La consejera añade: “Hay muchas personas mayores que no pueden hacer uso de los recursos de ocio o actividades lúdicas programadas por sus condiciones físicas, sociales o de cualquier tipo”. Subraya que “pasan los días en sus casas con necesidades importantes sin cubrir”. Por eso, concluye, “hemos querido ocupar un espacio que hasta ahora no se había cubierto para evitar su aislamiento, a través de un servicio integral”.

Para este programa se contará con equipos interdisciplinares, como los denominados agentes de salud, integrados por personas especializadas en trabajo social, psicopedagogía y terapia ocupacional, además de en logopedia, podología, alimentación, dietética y nutrición, geriatría y cuidados personales, entre otros.

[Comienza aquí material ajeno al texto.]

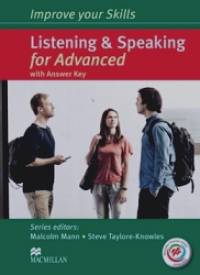 Improve your Skills for Advanced Listening and Speaking Student's Book with key and MPO Pack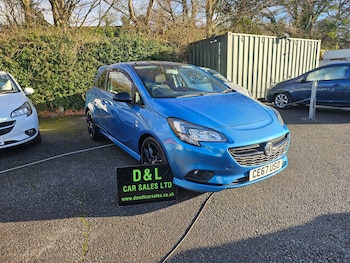 Vauxhall Corsa feature image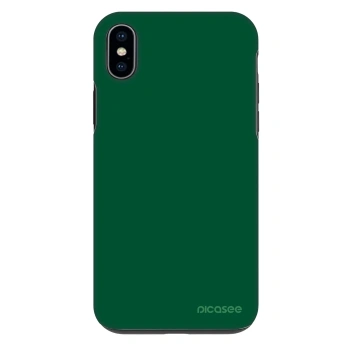 Maskica za Apple iPhone XS Max - Green Gleam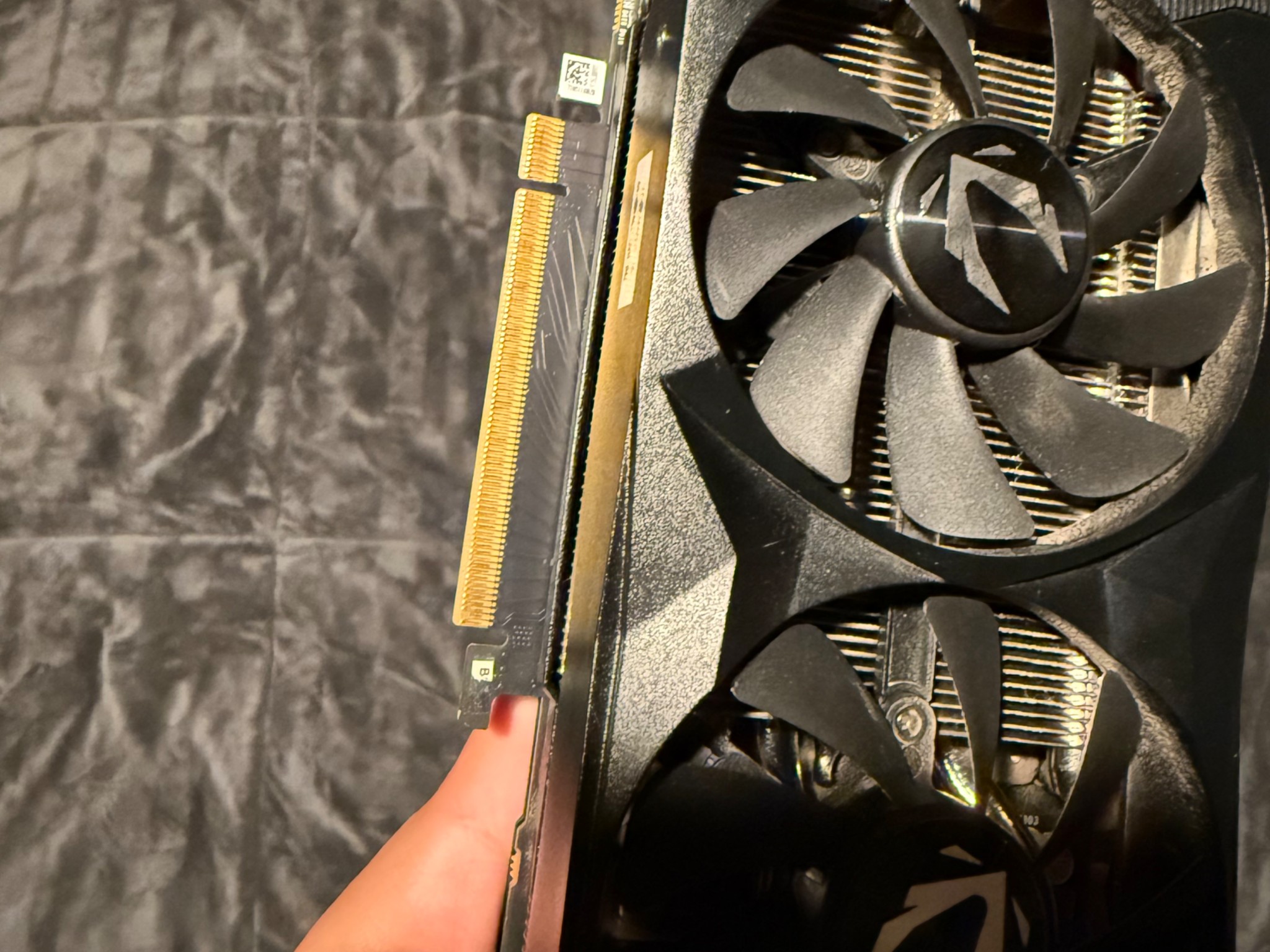 Zotac gaming RTX 2070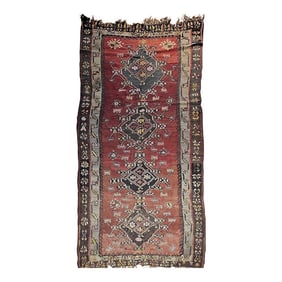 Early 20th Century Turkish Kilim Rug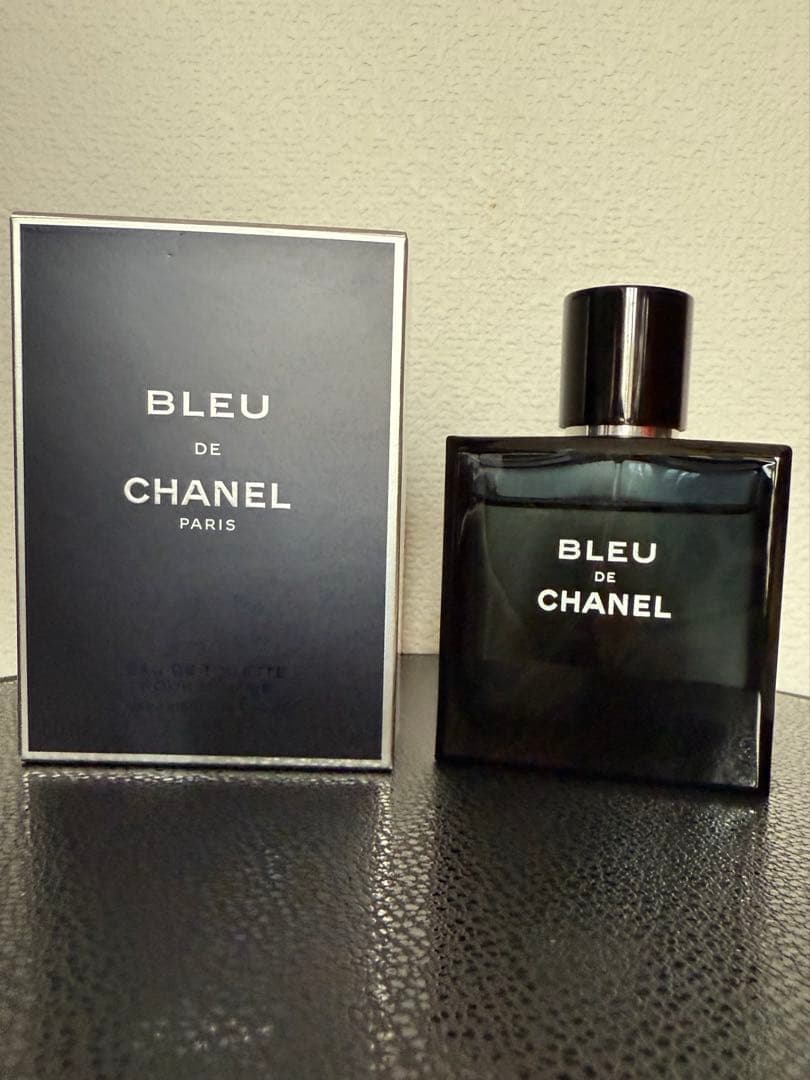 香水(男性用) BLEU DE CHANEL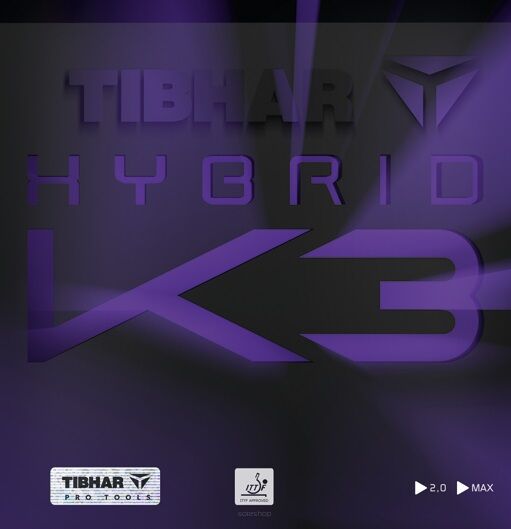 Okładzina Tibhar Hybrid K3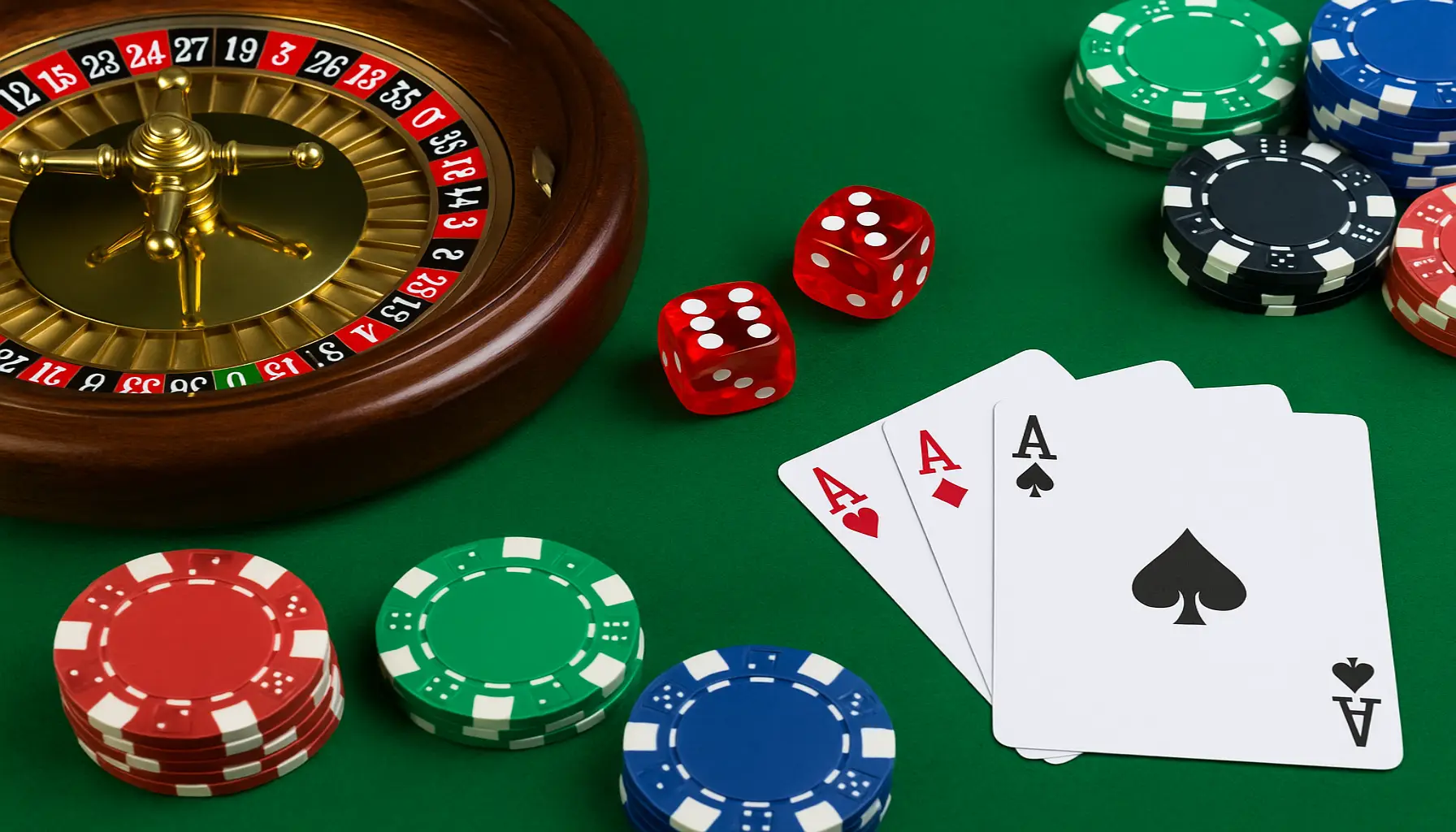 Jogos de cassino online WIN222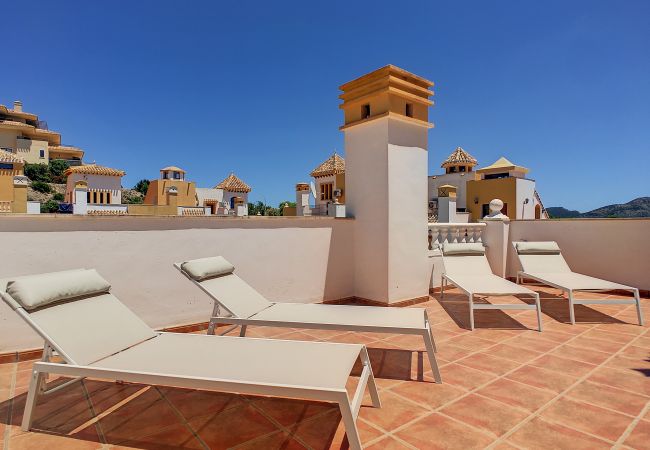 Ferienhaus in La Manga Club - La Manga Club - Las Atalayas 7709 Ferienhaus in La Manga Club - La Manga Club - Las Atalayas 7709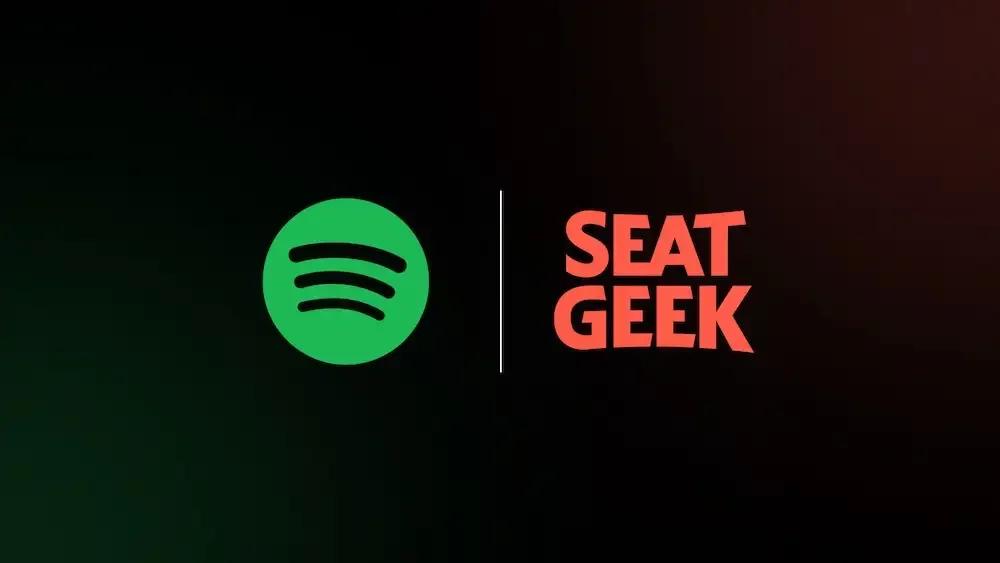 Spotify Partners with SeatGeek for Live Event Discovery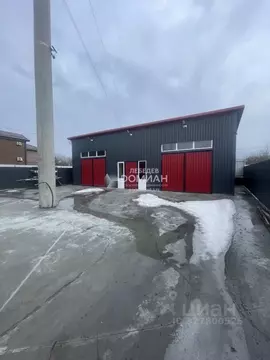 Производственное помещение в Ростовская область, Новочеркасск Спасский ...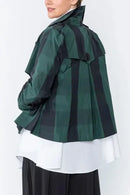 IC Collection Two Button Short Jacket-IC-4544J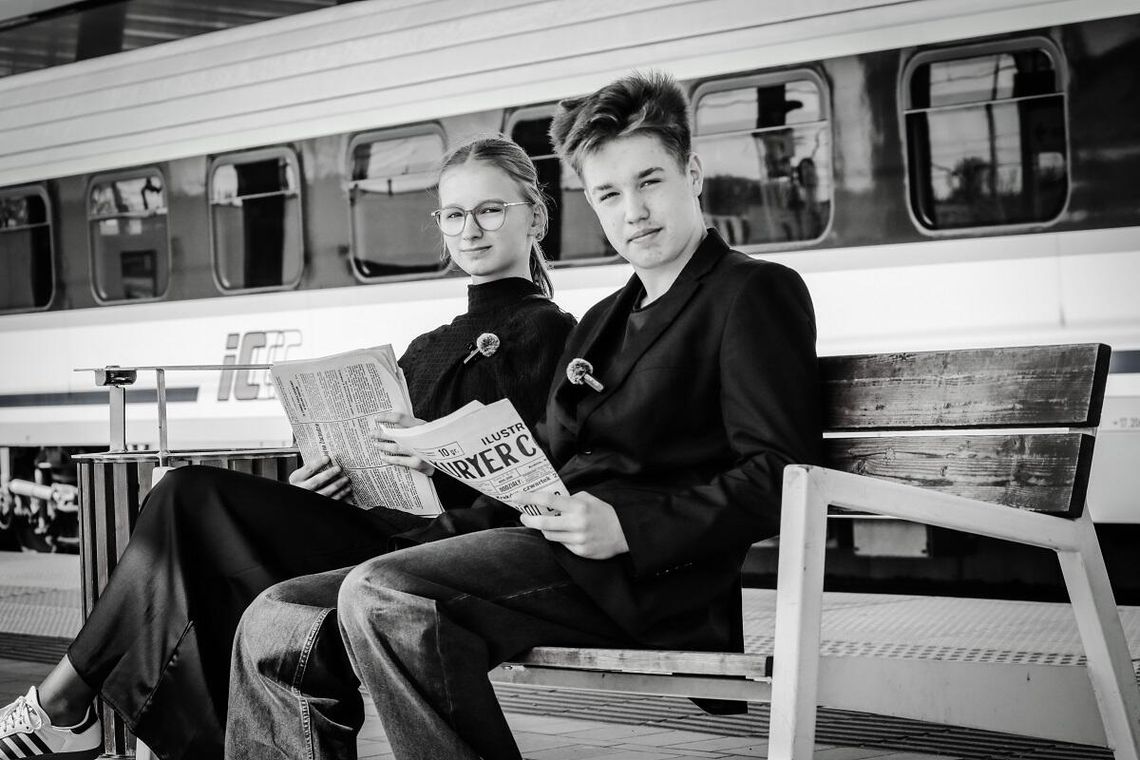 Uczniowie z Krasnegostawu w finale ogólnopolskiego projektu „Kresy”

Entre los requisitos para participar figuran tener más de 70 años, vivir solo o convivir con otras personas dependientes en situación de fragilidad social. Cada beneficiario tendrá un plan de atención individualizada coordinado con el Servicio Canario de la Salud para la prevención de las caídas, el seguimiento de citas médicas y el control de la medicación.

Proyecto piloto con Cruz Roja

Cruz Roja se ocupó de desarrollar el proyecto piloto en las zonas más aisladas del municipio de Arico y en varios puntos del Macizo de Anaga. Desde enero de 2018 a diciembre de 2020 se prestó el servicio de acompañamiento a los mayores dependientes de los núcleos rurales más dispersos de ambas zonas en situación de aislamiento y exclusión social.

Fueron atendidos un total de 208 personas en el proyecto: 141 en Anaga y 67 en Arico. La media de edad en Anaga es mayor y en la localidad del Sur el usuario tiene un perfil más joven y con menos incidencia de traslado a médicos. En Anaga se han realizado 555 traslados a médicos, mientras que en Arico han sido 208.

El traslado fue el servicio más demandado por los usuarios debido a la complicada orografía, los horarios del transporte público y su falta de adaptación o la falta de recursos económicos. Esos traslados se realizaron en su mayoría a los siguentes destinos: centros sanitarios; establecimientos comerciales, bancos y otros; administraciones públicas y actividades de ocio o encuentros lúdicos en grupos reducidos. La intención desde el principio era que este fuera el paso previo a un programa que abarcara toda la geografía de la Isla vaciada.